* [The records]
§ §
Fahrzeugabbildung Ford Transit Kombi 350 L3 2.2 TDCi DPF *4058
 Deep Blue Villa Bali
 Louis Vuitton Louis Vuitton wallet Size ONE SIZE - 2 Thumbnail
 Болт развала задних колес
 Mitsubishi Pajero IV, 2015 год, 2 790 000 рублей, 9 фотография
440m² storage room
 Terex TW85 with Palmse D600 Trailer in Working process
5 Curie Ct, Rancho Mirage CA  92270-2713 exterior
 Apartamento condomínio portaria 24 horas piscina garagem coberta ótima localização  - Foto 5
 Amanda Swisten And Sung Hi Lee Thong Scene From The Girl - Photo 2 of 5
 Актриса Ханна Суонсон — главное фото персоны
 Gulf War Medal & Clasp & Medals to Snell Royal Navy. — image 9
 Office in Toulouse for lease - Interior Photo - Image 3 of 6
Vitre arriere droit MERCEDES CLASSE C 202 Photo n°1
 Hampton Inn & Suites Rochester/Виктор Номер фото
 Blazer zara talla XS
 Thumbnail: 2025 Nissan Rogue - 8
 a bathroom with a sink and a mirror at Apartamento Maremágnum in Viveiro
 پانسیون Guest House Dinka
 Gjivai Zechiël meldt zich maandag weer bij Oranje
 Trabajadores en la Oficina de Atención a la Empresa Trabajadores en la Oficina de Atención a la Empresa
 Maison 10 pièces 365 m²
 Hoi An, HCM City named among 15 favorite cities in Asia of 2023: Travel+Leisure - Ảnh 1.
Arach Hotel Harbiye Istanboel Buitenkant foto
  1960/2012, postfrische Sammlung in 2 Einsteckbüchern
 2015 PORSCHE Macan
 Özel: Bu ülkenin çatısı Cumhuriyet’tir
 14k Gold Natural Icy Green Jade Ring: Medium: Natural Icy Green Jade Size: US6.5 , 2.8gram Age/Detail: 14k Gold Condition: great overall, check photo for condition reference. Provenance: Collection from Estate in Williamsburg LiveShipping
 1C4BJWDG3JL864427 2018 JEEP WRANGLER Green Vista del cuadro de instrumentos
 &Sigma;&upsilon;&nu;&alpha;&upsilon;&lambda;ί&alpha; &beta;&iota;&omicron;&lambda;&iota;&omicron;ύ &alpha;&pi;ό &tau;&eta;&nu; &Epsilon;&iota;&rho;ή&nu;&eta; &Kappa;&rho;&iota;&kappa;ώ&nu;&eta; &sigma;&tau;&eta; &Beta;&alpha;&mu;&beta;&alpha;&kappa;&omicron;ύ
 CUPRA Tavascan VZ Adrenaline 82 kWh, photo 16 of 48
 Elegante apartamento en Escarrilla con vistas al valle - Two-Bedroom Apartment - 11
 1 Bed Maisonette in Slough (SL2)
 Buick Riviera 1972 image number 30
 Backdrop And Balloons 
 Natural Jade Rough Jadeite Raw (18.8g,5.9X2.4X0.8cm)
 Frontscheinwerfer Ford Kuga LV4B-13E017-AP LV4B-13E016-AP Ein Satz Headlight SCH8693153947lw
§ §
* [Task goal] Work through the material and count the lines containing "Thumbnail". Answer with the number alone.

* [Problem solution] 2